Good afternoon and welcome to everyone here:
Your Excellency Mr. Lucien Weiler Marshal of the Court
Ms. Simone Beissel Vice-President of the Chamber of Deputies
Mr. Félix Braz Minister of Justice
Mr. George Wivenes President of the Council of State
Ms. Lydie Polfer Mayor of Luxembourg City
Mrs. Marilynn Rustand Lieurance, whose father lies buried right behind me,
Veterans, active service members, and families,
Distinguished members of the diplomatic community,
Ladies and Gentlemen.
Welcome to the American Military Cemetery and to our day of remembrance. This is my first Memorial Day here in Luxembourg so it is a very special day for me and my wife, Kathleen whose father served in the United States Army and in the United States Air Force.
We gather here today, as countless others have done every year here in Hamm, Luxembourg since 1946, to honor our fallen heroes. Behind me lies the final resting place of 5,075 brave young men and one brave young woman who died in the service of our country — — — for the freedom of this beautiful country — and, indeed, for all of Europe.
As we look out across the rows and rows of white, marble crosses and stars, It is important to remember that each one represents an actual person – someone who had family and friends waiting for him back home, someone who had made promises he intended to keep, and someone who undoubtedly had hopes and dreams for tomorrow.
As you are all aware, the great American General, George Patton, is buried here. Patton’s heroism is legendary — he led the relief of beleaguered American troops during the Battle of the Bulge, disengaging six divisions from front line combat during the middle of winter – then driving the third army north to relieve Bastogne. It was one of his most remarkable achievements of World War II.
But let me tell you about a few other men who are buried here: men whom you have never heard of.
There is Adolph Ravitz. Adolph was born in Great Britain after his father, a Jewish Ukrainian, had immigrated to England and married a British woman. He was only a small boy when the family packed up and moved to the United States. They settled in Boston, in my home state of Massachusetts. In 1941, at age 19 young Adolph enlisted in the U.S. military and became an instructor in the National Guard before being deployed to Europe.; He was one of the Rangers who landed at Normandy on D-Day, fought his way across France, and eventually made his way to Luxembourg, where was killed within about a mile or two of the very spot we are standing on today.
Charles Gottsman was also from my home state of Massachusetts. His father had emigrated from Germany and married a young woman from Boston, Eva Coulter. When he was only 19 years old, Charles enlisted in the U.S. Army. He served with Battery ‘C’ on a B-17 bomber repair base in Norfolk, England before joining Patton’s 3rd army in France for Operation Cobra, and later he was assigned to the 320th Infantry regiment. He was killed in action on January 12, 1945 in heavy fighting around Harlange.

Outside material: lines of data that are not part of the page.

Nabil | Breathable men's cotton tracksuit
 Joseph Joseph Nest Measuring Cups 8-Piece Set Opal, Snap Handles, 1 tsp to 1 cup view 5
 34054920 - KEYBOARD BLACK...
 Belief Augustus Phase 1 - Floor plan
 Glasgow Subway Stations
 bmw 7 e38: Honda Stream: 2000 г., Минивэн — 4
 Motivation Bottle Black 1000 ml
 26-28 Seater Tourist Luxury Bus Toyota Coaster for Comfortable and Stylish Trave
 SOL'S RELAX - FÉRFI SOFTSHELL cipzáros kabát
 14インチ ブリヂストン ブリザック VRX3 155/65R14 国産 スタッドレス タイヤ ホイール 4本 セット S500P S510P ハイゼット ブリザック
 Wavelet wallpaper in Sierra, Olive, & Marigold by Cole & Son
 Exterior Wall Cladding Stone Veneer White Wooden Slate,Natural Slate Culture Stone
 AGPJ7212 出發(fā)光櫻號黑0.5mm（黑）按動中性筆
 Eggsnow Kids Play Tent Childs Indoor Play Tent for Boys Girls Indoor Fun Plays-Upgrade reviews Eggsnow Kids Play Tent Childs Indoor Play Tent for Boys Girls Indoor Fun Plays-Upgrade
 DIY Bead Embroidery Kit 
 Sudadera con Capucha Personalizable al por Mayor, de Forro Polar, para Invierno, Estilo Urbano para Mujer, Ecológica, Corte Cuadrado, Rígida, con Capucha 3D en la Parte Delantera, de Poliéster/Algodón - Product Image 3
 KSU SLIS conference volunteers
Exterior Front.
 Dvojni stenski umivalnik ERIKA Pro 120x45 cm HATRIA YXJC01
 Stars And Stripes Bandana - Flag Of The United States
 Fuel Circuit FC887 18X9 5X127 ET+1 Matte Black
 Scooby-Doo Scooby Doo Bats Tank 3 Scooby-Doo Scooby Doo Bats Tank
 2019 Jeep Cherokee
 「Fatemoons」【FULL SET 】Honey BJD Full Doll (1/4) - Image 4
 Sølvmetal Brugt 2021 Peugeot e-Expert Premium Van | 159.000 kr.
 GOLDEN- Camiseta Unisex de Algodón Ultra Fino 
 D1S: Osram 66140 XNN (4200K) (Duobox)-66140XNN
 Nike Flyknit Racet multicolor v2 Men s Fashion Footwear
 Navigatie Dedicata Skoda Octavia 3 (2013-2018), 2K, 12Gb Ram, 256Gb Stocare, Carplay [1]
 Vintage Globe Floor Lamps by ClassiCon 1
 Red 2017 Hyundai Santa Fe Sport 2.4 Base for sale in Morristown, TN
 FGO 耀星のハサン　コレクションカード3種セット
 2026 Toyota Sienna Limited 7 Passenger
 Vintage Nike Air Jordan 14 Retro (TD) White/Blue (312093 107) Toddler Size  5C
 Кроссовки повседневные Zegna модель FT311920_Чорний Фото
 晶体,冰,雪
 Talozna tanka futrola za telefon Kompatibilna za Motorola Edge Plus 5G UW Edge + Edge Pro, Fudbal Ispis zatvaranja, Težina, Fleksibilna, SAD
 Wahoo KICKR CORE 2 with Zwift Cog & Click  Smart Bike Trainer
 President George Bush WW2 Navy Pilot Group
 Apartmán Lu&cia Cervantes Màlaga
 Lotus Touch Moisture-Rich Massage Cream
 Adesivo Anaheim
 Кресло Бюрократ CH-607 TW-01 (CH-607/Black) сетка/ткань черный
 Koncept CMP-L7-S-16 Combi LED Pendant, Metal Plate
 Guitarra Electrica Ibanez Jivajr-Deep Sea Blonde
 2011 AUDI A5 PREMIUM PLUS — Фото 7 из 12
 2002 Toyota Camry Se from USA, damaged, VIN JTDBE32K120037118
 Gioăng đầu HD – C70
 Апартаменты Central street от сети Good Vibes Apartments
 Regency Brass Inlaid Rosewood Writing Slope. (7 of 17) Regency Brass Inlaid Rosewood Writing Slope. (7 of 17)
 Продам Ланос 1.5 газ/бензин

Then there is Francis Rippinger, whose grandparents emigrated from Luxembourg to the United States and settled in Illinois. Francis worked as a machinist before joining the National Guard in 1941. On the second day of the Battle of the Bulge, December 17, Francis’ squadron was given the mission to clear an area of heavy woods near Beaufort – not so very far from here. When German snipers ambushed his squad, Francis was killed. He is buried behind me in the land of his grandparents.
Ravitz, Rippinger and Gottsman never knew each other but they had something in common that is distinctively American: They were the all children of immigrants. Their forbearers had left their homeland for America and the hope of a better life. One can only imagine the pain of their parents and grandparents, knowing their son had died to liberate the continent they had left.
The stories of these men tell the story of America – we are a country of immigrants. I think President Obama put it best when he said, “Immigration is at the core of our national character. It is our oldest tradition. It is who we are. It is what makes us exceptional.”
But these men were more than just the children of American immigrants. Like Patton, they were also heroes. You may never have heard of them . . . . but they had family and friends. They had promises to keep. They had hopes and dreams.
I recently read a letter from the daughter of one soldier who was killed in the Battle of Bulge and I think she sums up the sacrifice – and the character – of not just men like Ravitz, Rippinger and Gottsman, but of all those who are buried in this hallowed ground. Her name was Patricia and she wrote about her father:
“By the world’s standards, my father lived a simple and uncomplicated life . . . . He never accomplished any great feats that would receive acclaim; except [he laid down his life for his country. What greater thing could a man do?”]
So today, we come together in this beautiful place, as others gather in American cemeteries abroad, and across the United States, to remind one another that we have not forgotten, and that we are still proud of the men and women who served their country so valiantly. We are so grateful that through all these years the people of the Grand Duchy have continued to lovingly watch over and pay tribute to the brave Americans who stayed behind.
God bless our servicemen and women around the world today, God bless Luxembourg, and God bless America.